Within this circumstance of pregnancy from rape, there are three people. The rapist/father of the child, the victim/mother of the child, and the child. Count the guilty parties. There is a rapist, a victim, and a child who did nothing to find herself in this situation and is totally innocent. There is one person in the wrong. The rapist, and the rapist alone, should be punished. It is unfair to kill a child because of the crime of her father.

And I do realize that this does not relieve the unfair situation of the rape victim. Regardless of whether or not she has an abortion, though, it will be unfair to her. There is no cure to that. Abortion only adds to the violence. Ripping apart a child in the womb is as violent a crime as rape. What the victim needs is vindication and compassion, and help from those around her to get through this difficult situation.

I’ve never known a person conceived in rape, that I know of, but I do know someone who was scheduled to be aborted and someone who survived several abortion attempts. I’m thankful to know them (one of them is one of my best friends) and they are thankful to be alive. I’ve been to the March for Life three times, and each time I have seen a solid contingent of people who were conceived in rape and whose mothers chose to deliver them. That is a courageous choice, and these individuals are the living fruit of that. They are “people, not hard cases.” They are human beings, and they have been since they were conceived under such a horrific circumstance.

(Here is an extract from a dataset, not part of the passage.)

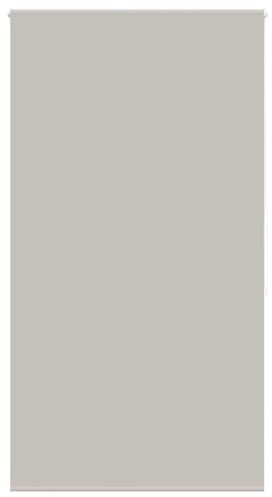 Rolloworld - Estor para ducha (130 x 240 cm, ancho de la tela 126 cm, para ventanas y puertas), color negro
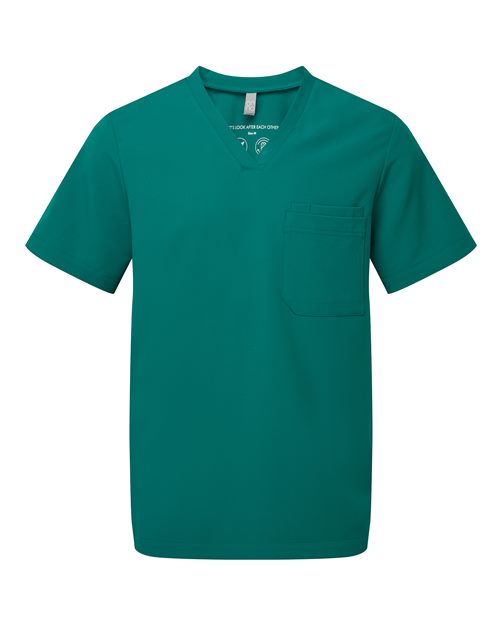 Onna Men's Limitless V-Neck Stretch Scrub Top NN200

There is no denying that rape is a terrible thing, and pregnancy resulting from this is unfair. These women need not only our sympathy, but also our practical help. But the truly consistent and sympathetic position is to recognize that all human life has value, and that all innocent humans have the right to life. That extends to circumstances which they could not help. Though it is unfair, and though it is not easy, the right thing to do is to choose life for a child conceived in rape.